FOLHA - Críticos dizem que parte da culpa do efeito da atual crise nas economias emergentes tem a ver com o Consenso de Washington. Se eu não me engano, o item 7 de seu corolário pregava a "liberalização da entrada de investimento estrangeiro direto". Quando os governos fazem isso, recebem também capital especulativo, que é o primeiro a fugir em momentos de incerteza. Como o sr. responde a isso?
WILLIAMSON -
Eu falava especificamente sobre a liberalização de investimento estrangeiro direto, que em sua maior parte é não-especulativo. Liberalizar a entrada de capital de curto prazo é algo muito mais dúbio, e os países deveriam ser mais cuidadosos antes de fazer isso. Diria até que deveriam fazer isso bem mais adiante no processo.

FOLHA - O sr. nunca se cansa de responder perguntas sobre o Consenso de Washington?
WILLIAMSON -
[Risos] Sim. Mas tudo bem, temos de viver com a nossa criação...

FOLHA - O sr. anteviu de alguma maneira a "guinada à esquerda" da América Latina?
WILLIAMSON -
A revista "Economist" acertou quando defendeu num artigo recente que a maioria da América Latina, na verdade, rejeitou os candidatos de esquerda. As pessoas podem ter escolhido alguns que abraçavam a social-democracia européia, como Lula, mas tipos como Chávez representam quatro países, talvez cinco, se incluir a Argentina. Mas, não, eu não previ.

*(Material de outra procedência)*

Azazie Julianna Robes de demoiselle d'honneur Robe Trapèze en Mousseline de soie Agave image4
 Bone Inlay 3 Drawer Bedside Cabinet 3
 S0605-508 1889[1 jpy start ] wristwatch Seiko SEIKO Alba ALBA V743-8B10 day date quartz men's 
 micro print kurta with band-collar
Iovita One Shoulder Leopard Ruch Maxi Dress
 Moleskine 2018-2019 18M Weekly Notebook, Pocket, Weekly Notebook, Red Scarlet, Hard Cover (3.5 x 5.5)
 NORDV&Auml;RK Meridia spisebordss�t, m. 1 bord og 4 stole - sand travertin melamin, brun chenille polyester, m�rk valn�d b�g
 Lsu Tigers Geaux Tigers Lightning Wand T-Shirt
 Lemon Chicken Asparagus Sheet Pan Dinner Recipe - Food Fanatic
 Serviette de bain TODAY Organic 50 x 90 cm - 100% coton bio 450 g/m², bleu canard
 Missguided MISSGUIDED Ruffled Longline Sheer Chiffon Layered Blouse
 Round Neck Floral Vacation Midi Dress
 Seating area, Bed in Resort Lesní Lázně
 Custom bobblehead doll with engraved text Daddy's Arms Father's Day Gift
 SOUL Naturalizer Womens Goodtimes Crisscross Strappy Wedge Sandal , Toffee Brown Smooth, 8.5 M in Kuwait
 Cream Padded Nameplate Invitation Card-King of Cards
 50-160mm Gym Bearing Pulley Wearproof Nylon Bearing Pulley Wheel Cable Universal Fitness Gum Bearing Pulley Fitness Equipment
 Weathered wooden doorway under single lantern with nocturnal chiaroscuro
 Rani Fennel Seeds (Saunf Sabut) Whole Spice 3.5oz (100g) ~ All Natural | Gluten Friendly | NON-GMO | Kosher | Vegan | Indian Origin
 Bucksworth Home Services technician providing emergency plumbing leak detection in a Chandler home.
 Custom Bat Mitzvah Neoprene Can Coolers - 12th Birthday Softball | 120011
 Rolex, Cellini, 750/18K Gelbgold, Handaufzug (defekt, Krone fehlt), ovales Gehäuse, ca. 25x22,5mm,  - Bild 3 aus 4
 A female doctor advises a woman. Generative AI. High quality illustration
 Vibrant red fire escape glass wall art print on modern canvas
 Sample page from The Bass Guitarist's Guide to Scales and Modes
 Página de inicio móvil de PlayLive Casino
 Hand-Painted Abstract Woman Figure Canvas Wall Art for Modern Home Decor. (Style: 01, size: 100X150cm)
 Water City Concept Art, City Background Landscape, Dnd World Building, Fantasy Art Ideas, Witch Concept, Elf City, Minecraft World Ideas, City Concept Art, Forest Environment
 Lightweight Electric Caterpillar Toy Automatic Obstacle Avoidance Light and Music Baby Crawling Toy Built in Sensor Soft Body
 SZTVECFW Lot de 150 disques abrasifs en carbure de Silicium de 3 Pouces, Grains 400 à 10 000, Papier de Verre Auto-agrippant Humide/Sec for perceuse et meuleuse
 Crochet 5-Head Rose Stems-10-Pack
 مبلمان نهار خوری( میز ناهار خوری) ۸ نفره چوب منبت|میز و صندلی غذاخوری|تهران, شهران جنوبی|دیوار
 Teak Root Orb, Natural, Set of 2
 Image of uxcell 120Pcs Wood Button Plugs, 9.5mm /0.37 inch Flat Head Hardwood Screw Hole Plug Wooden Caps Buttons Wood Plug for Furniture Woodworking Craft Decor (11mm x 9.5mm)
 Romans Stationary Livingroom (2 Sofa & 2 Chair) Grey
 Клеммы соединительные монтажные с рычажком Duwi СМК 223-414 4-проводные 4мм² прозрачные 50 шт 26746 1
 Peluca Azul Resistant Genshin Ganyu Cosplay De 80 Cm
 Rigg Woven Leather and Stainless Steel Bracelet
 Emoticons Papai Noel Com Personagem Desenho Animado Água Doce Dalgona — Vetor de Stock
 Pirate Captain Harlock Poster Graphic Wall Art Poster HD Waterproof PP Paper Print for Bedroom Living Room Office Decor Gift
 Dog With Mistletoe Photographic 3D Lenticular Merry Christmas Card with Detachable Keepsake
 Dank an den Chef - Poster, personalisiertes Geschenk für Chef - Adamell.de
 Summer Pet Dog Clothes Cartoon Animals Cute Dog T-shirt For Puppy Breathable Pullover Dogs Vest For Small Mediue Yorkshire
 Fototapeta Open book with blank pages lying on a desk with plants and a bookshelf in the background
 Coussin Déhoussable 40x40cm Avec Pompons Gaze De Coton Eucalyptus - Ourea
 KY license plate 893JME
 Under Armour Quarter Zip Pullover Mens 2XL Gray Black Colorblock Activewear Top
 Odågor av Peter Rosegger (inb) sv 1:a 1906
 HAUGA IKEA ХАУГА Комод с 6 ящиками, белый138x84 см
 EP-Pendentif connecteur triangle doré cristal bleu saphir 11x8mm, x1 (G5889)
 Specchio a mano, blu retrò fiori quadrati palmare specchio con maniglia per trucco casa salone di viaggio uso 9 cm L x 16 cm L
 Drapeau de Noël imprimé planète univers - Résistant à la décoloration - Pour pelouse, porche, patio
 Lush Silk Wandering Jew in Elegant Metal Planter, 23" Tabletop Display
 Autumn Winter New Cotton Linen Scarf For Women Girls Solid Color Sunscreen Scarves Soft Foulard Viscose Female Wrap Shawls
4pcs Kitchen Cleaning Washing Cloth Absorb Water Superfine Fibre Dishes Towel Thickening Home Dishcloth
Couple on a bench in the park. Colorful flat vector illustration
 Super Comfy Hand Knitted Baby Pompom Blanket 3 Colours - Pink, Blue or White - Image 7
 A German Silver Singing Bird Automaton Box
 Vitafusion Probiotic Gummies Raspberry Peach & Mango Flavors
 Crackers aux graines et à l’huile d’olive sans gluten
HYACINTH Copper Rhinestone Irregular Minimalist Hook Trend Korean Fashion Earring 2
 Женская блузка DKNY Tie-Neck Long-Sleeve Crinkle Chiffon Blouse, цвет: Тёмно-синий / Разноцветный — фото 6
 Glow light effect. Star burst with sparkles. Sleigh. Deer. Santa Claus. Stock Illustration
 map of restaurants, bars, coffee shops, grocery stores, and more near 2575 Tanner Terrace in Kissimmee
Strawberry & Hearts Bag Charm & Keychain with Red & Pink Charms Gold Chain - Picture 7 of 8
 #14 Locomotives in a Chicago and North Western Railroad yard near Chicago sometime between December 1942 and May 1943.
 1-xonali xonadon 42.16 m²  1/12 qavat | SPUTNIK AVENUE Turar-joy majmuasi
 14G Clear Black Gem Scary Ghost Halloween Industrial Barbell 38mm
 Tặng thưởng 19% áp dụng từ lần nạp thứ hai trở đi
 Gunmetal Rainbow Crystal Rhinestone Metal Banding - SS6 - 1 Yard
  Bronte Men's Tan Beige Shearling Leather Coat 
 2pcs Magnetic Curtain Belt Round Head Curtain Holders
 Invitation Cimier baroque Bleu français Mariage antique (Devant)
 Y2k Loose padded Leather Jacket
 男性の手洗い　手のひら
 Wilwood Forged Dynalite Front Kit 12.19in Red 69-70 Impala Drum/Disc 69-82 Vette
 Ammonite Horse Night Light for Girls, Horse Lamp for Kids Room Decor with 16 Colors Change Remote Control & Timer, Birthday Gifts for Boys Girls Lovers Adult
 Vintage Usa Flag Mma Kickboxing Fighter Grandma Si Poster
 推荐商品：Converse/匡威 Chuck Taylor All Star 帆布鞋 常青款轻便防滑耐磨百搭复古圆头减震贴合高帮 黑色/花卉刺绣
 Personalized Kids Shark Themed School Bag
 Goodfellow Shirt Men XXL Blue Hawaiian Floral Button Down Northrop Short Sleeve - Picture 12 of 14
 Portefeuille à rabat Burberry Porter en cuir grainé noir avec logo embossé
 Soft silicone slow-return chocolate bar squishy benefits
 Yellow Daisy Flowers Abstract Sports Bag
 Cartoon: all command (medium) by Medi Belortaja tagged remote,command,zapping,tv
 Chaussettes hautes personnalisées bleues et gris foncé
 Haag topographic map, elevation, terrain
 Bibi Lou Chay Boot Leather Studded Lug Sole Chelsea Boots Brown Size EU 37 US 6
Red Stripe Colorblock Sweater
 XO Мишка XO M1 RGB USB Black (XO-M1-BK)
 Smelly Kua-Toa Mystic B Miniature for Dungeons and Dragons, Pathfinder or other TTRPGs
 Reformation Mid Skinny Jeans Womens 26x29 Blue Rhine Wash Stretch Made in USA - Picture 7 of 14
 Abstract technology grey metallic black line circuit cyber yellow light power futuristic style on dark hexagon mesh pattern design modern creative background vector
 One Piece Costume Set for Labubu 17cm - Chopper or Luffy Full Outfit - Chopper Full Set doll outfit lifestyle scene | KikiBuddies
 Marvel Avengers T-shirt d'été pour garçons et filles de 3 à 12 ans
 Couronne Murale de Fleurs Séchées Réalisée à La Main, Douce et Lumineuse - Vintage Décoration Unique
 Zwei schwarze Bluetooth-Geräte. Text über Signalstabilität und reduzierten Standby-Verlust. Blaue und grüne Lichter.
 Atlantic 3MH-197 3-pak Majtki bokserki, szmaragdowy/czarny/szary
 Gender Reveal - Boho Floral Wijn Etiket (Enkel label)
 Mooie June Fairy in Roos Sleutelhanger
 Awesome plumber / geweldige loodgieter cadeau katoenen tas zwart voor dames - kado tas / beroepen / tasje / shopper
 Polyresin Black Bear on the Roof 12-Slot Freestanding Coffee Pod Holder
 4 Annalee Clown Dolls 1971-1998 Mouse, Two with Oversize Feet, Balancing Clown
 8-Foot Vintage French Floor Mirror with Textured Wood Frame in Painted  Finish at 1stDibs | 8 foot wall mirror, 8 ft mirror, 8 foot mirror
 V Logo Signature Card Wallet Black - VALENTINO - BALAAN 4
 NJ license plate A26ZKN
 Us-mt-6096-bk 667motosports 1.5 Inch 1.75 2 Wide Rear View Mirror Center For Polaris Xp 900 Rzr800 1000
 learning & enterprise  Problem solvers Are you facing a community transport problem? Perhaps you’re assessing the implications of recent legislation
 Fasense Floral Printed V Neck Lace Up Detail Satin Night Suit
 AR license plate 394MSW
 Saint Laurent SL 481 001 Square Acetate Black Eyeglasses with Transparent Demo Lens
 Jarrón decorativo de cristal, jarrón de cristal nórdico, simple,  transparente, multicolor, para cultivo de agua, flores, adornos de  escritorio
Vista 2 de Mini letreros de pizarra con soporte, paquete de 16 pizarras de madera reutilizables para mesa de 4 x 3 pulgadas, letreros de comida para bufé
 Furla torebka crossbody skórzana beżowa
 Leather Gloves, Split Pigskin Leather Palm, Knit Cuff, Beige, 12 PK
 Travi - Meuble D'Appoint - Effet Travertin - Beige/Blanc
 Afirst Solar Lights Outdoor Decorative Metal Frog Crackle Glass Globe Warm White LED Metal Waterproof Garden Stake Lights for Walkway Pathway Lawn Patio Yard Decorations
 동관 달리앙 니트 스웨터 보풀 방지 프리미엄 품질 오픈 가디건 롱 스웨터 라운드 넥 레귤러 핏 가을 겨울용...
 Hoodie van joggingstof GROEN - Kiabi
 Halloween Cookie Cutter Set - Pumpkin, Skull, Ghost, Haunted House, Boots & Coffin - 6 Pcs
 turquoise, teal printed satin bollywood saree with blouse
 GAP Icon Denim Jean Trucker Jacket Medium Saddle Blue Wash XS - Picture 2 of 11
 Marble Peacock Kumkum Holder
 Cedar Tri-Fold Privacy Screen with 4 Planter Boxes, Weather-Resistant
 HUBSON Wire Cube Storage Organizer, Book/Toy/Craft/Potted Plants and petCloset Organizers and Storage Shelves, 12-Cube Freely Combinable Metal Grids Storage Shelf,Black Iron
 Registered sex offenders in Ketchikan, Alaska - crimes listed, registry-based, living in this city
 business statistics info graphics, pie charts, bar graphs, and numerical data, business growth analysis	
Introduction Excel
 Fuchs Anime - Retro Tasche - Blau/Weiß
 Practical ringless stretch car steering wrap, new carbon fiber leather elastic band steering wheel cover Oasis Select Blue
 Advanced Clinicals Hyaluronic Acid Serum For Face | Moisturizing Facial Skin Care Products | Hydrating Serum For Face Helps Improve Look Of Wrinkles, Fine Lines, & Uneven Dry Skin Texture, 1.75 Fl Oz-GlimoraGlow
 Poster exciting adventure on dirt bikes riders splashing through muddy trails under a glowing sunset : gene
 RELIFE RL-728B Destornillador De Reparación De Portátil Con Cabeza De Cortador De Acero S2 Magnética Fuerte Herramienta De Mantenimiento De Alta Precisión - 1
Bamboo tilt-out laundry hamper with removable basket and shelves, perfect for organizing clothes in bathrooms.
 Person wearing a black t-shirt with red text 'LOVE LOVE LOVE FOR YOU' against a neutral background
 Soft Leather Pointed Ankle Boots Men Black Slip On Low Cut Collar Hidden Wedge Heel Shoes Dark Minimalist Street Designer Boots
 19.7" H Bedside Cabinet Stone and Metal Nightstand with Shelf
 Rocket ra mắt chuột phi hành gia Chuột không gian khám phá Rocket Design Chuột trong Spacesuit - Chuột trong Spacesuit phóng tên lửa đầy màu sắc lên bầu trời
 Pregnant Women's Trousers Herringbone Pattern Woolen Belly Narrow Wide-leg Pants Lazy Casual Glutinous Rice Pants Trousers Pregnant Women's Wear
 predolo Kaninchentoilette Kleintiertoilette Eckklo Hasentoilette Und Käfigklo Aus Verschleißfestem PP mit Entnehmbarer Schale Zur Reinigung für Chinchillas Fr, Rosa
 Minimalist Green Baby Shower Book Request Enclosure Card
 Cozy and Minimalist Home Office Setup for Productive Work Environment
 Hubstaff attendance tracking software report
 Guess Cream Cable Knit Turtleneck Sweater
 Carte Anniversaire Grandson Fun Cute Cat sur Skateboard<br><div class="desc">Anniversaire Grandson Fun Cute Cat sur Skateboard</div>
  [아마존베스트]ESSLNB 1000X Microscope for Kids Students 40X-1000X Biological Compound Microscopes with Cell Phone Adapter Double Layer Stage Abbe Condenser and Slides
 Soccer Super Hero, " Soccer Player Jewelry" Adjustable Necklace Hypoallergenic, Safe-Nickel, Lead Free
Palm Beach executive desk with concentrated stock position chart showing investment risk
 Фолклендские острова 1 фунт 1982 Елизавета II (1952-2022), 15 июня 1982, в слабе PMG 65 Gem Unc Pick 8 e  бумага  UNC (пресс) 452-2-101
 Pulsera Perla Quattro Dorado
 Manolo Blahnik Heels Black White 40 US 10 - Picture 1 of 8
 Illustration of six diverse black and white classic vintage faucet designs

FOLHA - O sr. citou a Argentina. Para encerrar: o país é sempre citado como um antiexemplo, por entrar em 2000 numa das piores crises econômicas ao seguir os seus preceitos. Como responde a isso?
WILLIAMSON -
As pessoas parecem ignorar o fato de que a Argentina não seguiu duas das mais básicas propostas no Consenso: taxa de câmbio responsável e política fiscal ajustada.